DIRECTIONS >> Taking only the lines of the data below from the line with "Disable Automatic Pull Requests Rhodecode" to the line with "中式风格三室一厅装修设计图", ends included, write them out exactly and without pictures.

SUPPLIED DATA >>
********************

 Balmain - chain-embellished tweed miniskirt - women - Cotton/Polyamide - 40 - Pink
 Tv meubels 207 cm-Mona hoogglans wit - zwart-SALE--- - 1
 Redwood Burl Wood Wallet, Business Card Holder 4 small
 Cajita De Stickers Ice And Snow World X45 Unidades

********************

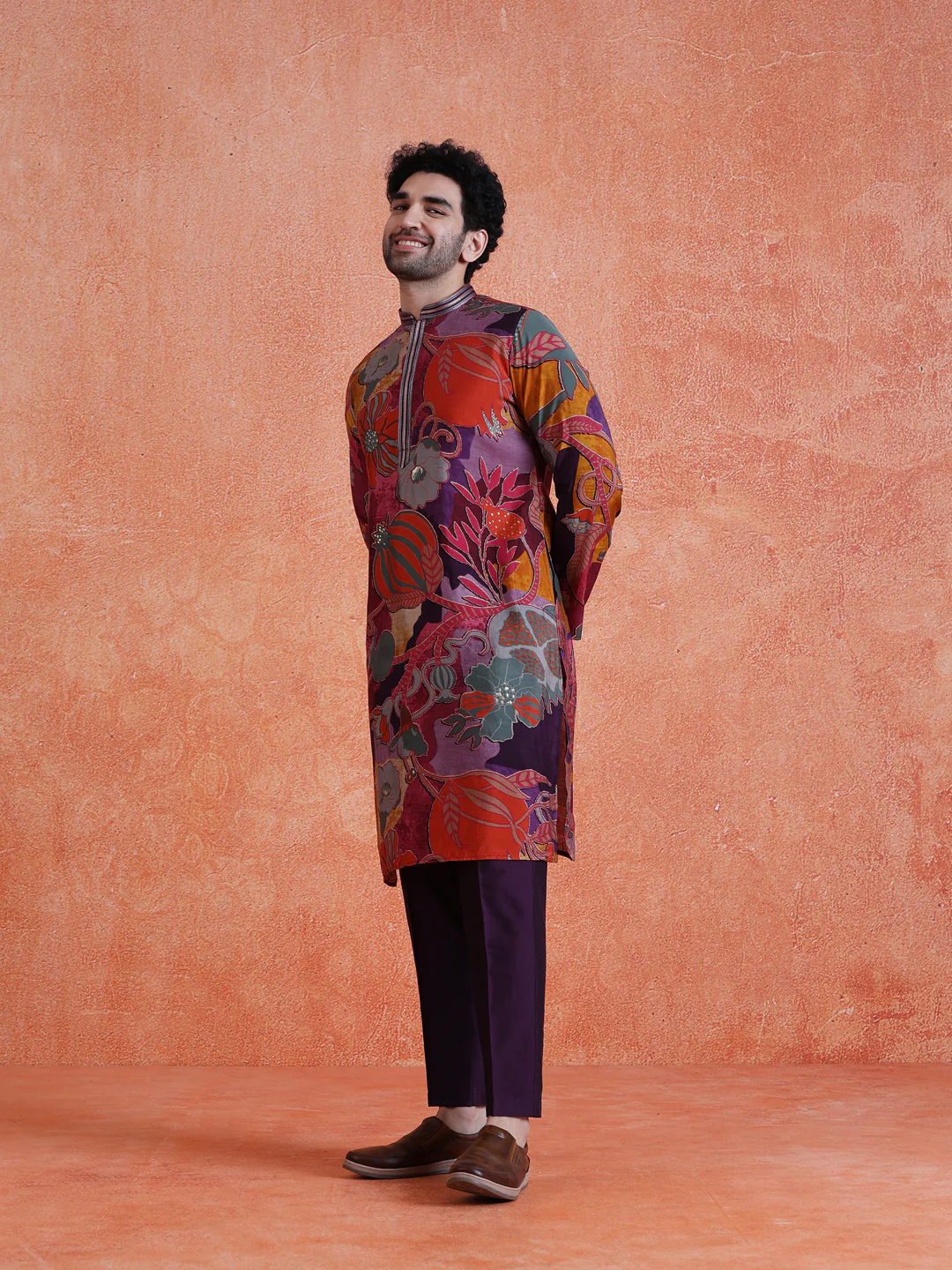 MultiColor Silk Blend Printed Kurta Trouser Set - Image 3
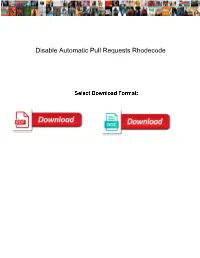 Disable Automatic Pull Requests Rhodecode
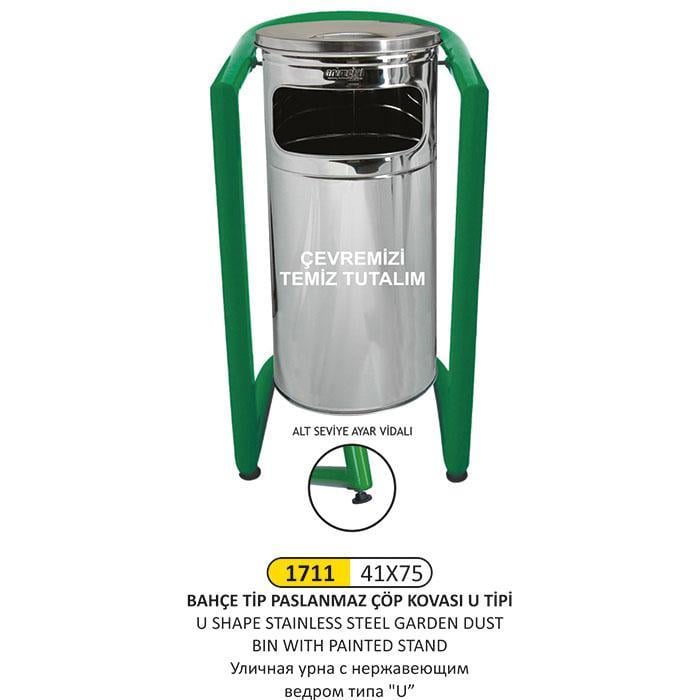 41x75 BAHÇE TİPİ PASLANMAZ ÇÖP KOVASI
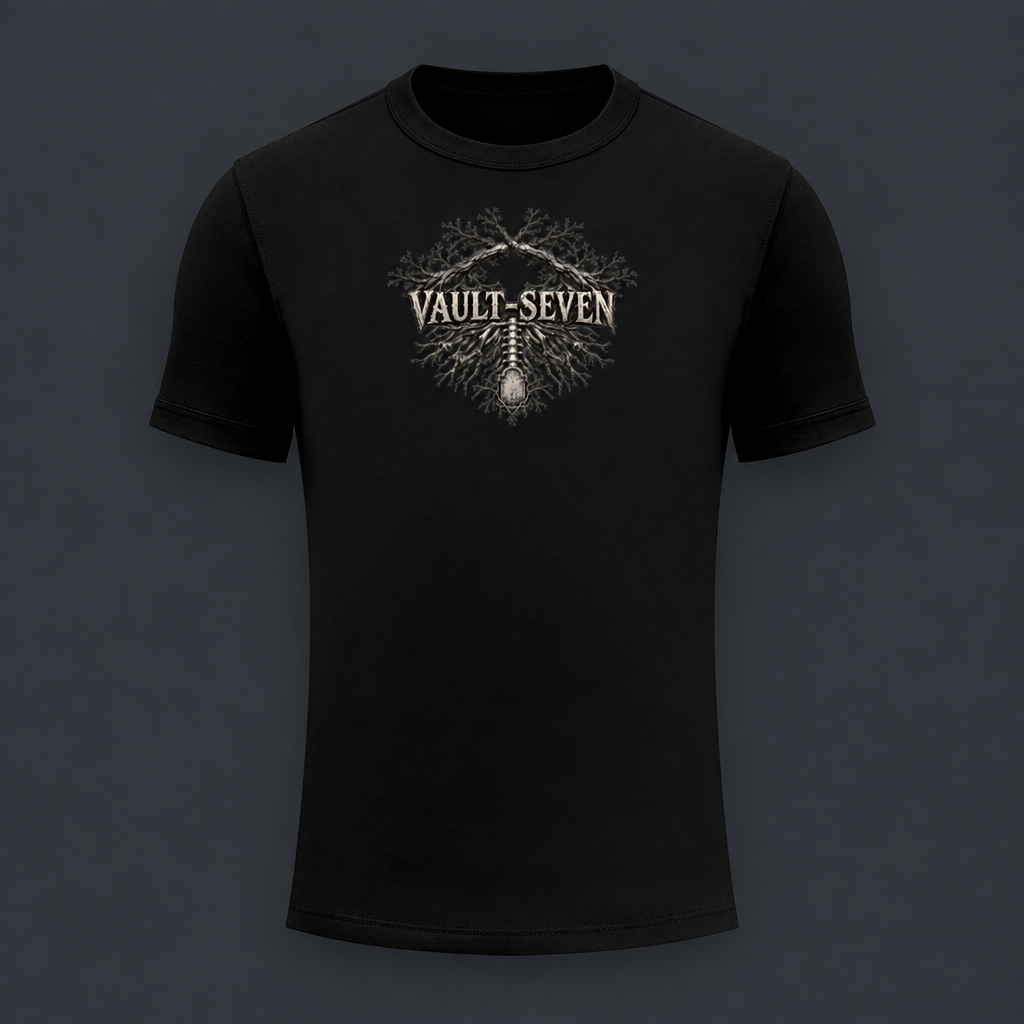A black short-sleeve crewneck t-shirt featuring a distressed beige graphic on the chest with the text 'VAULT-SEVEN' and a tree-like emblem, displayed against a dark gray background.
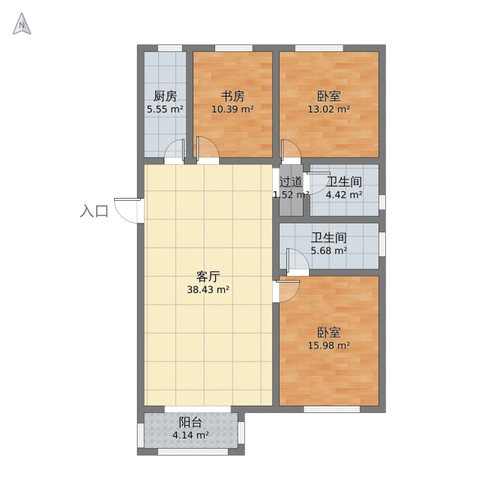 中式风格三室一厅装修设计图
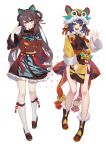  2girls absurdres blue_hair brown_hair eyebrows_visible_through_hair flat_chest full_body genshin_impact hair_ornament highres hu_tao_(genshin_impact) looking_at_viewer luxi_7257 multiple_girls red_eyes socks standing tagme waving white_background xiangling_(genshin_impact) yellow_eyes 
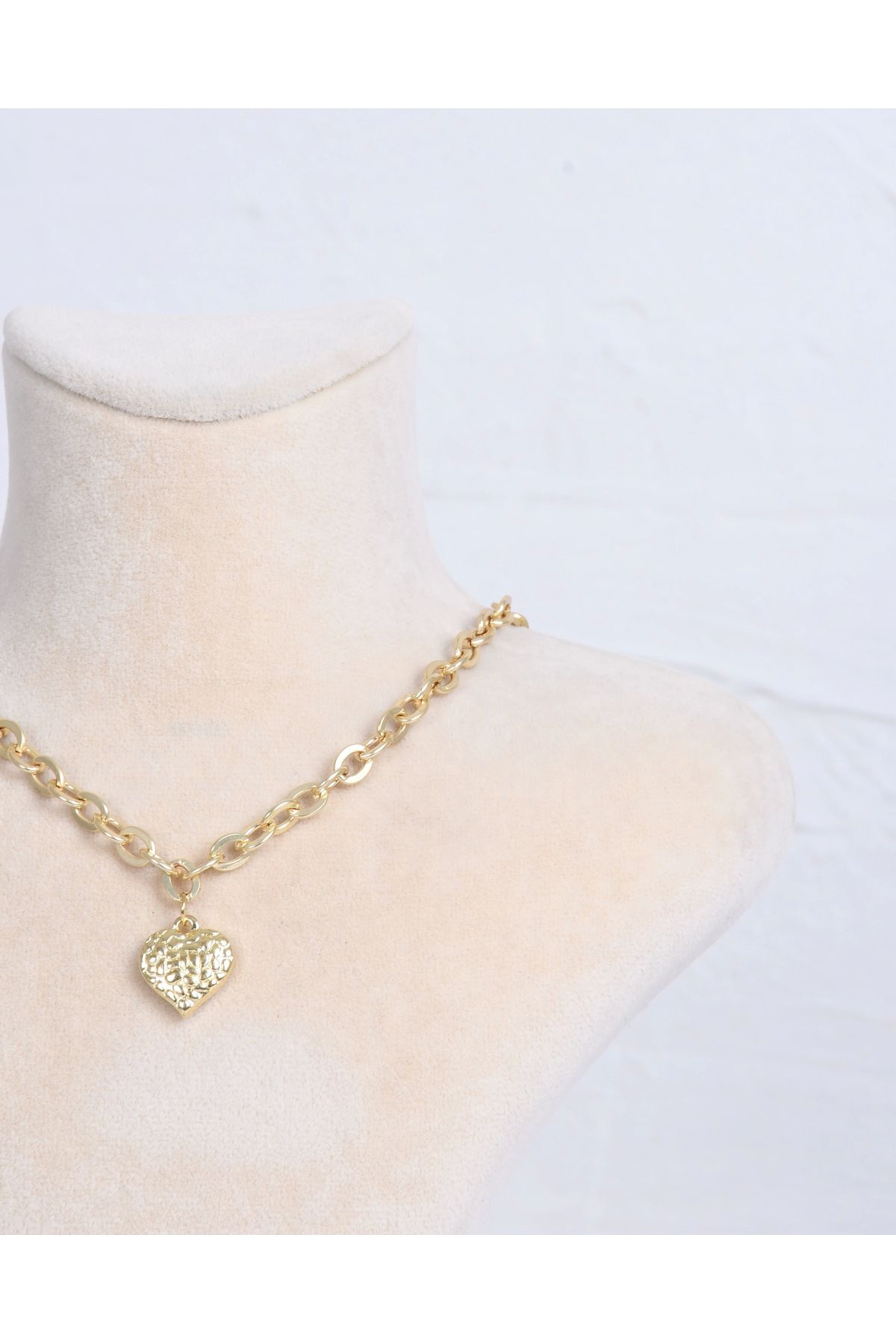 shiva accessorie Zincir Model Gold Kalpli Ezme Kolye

********************

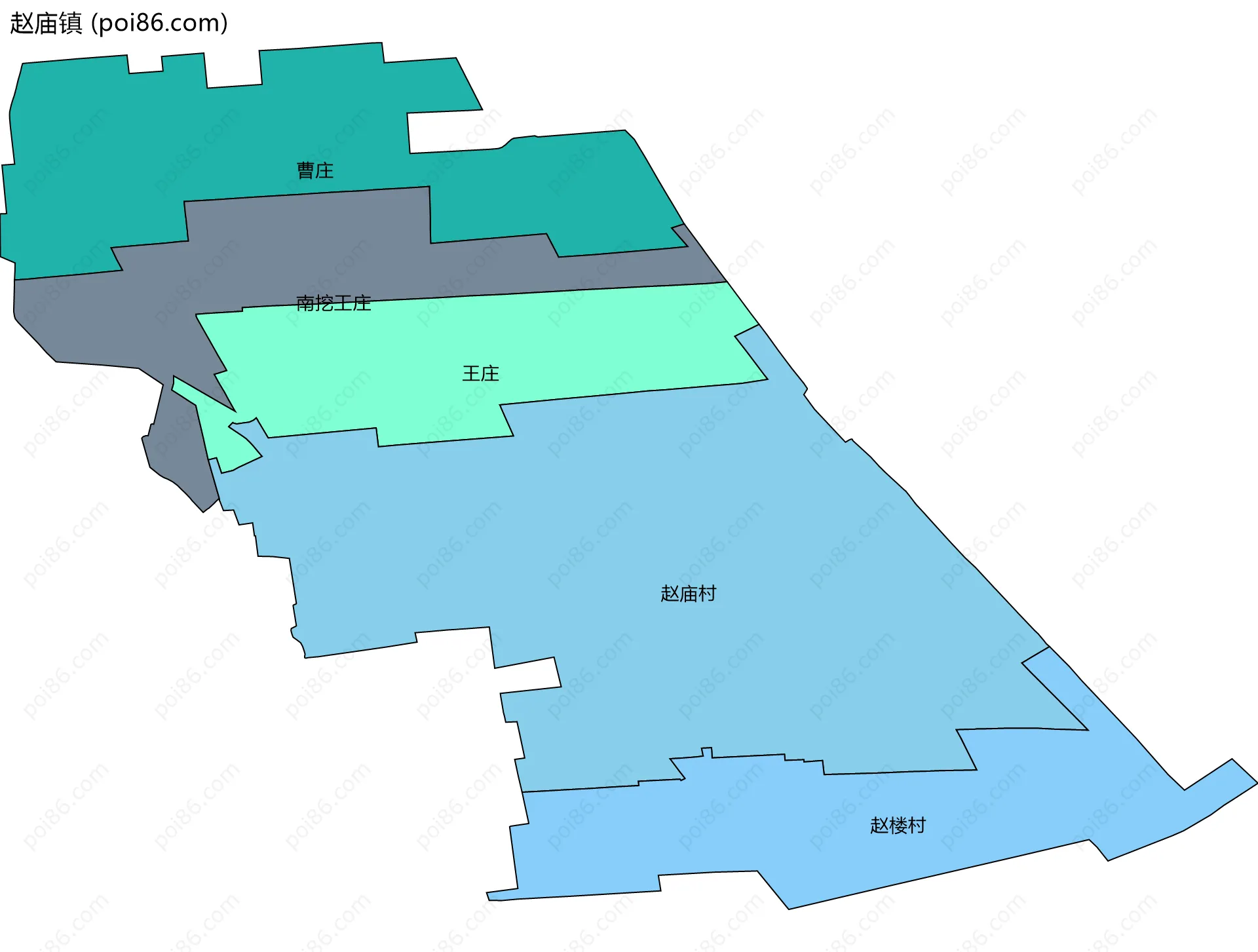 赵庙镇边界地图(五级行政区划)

********************

EXERCISE ANSWER >>
 Disable Automatic Pull Requests Rhodecode
 41x75 BAHÇE TİPİ PASLANMAZ ÇÖP KOVASI
A black short-sleeve crewneck t-shirt featuring a distressed beige graphic on the chest with the text 'VAULT-SEVEN' and a tree-like emblem, displayed against a dark gray background.
 中式风格三室一厅装修设计图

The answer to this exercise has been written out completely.